Wenn ich an Larry Ellisons prozessfreudige Herausforderung denke, kommt mir ein Kommentar in den Sinn, den mein alter Freund Dennis Conner in seinem grossartigen Buch von 1998, „The America’s Cup: The History of Sailing’s Greatest Competition in the Twentieth Century“, gemacht hat. Er sagte über den ausbleibenden Erfolg unserer frühen Kiwi-Herausforderungen um den Cup:
„Sir Michael (Fay) würde dazu verdammt werden, die Vergangenheit zu wiederholen: Dieser „Hintertür-Mann“, der 1986/87 mit einem zwölfmetrigen Plastikboot nach Perth und 1988 mit einer Superyacht nach San Diego kam, kehrte 1992 nach San Diego zurück, wie wir sehen werden, mit einem ungewöhnlich designten Boot, das seinen Spi sehr unorthodox segelte und halste. Als die Kiwis dann 1995 durch die Vordertür kamen, gingen sie mit dem America’s Cup.“
Grosse Athleten suchen den Sieg auf dem Spielfeld oder, in unserem Fall, auf hoher See. Sportler, die versuchen, über die Gerichte zu gewinnen, was Dennis als „Hintertür“ bezeichnete, erniedrigen sich und geben jedem Sieg ebenso wie dem ganzen Sport einen fahlen Beigeschmack.
Ich war im America’s Cup mehrmals Herausforderer und Verteidiger und habe stets gesehen, dass die Trophäe von denen gewonnen wurde, die das schnellste Boot designt und gebaut haben und dieses mit dem besten Team segelten. Es ist schwierig, zu gewinnen – aber genau so soll es bei einer solchen Trophäe auch sein. Wenn man die Herausforderung reduziert, wird der Sieg zwar einfacher, aber die Anziehungskraft und der Triumph sind weg.
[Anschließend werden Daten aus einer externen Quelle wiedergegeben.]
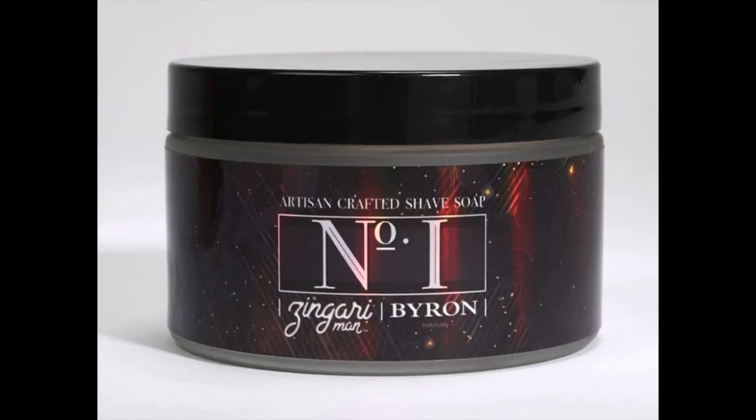Let me show you a picture of how it comes — that is what it looks like. It's a frosted jar which is very, very nice. The price tag on it is $35, and the scent on this was designed by Byron Perfumes, so it's got a professionally mixed and designed scent. Of course it's got the Sago soap base from Zingari, which is quite good.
Wenn man die Deed verändert, um den Herausforderern den Sieg zu erleichtern, verkommt der America’s Cup zur billigen Farce, und George Schuylers grosse Herausforderung für Generationen von Seglerinnen und Seglern – Amerikas Sieg von 1851 nachzueifern – verliert jeglichen Zauber (alinghi.com).